In the records below, repeat exactly the lines between the line holding "img 1 attached" and the line holding "Флешка 64Gb QUMO", inclusive, and drop the pictures.

# [Materials provided]

⁂

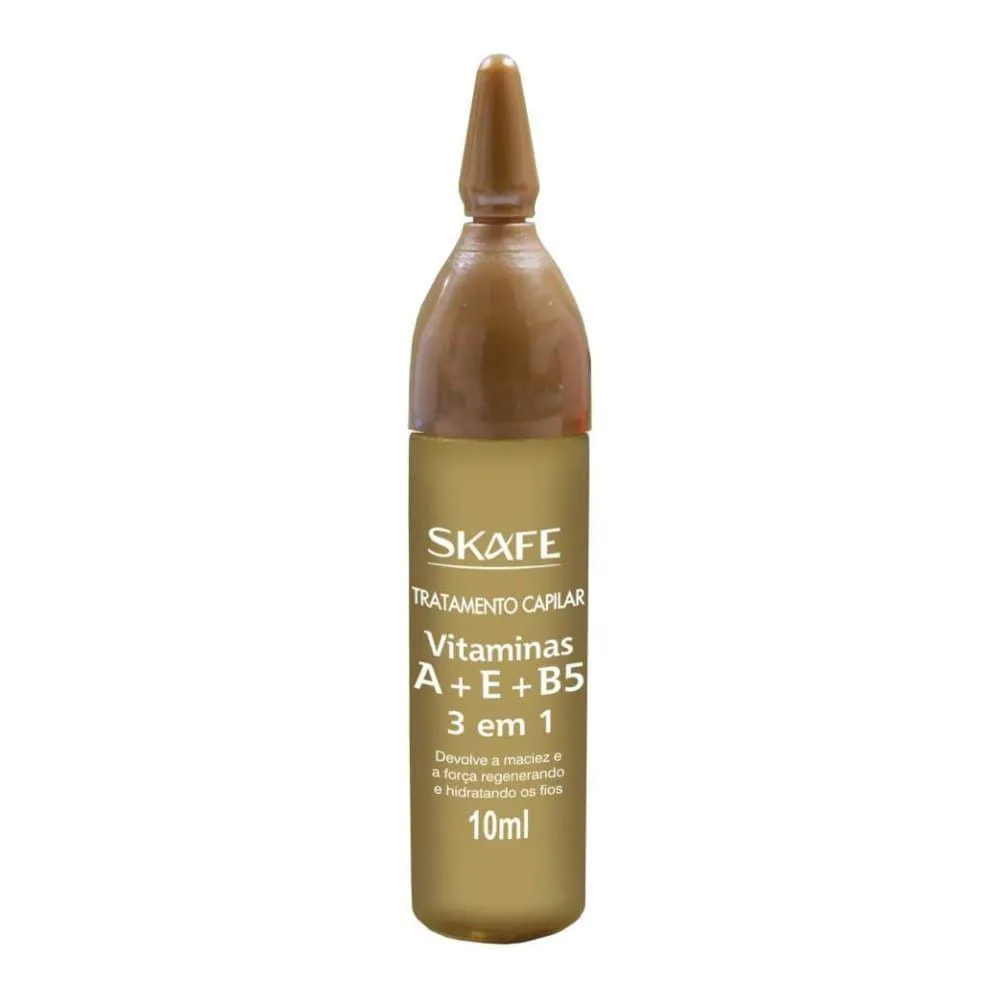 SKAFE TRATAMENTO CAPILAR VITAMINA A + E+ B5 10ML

⁂

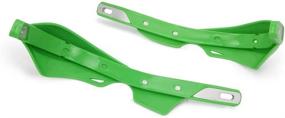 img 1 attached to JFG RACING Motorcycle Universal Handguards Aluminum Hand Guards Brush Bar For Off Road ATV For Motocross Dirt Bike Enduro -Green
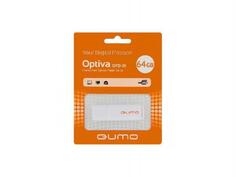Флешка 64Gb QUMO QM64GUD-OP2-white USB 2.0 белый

⁂

# [Expected output]
 img 1 attached to JFG RACING Motorcycle Universal Handguards Aluminum Hand Guards Brush Bar For Off Road ATV For Motocross Dirt Bike Enduro -Green
Флешка 64Gb QUMO QM64GUD-OP2-white USB 2.0 белый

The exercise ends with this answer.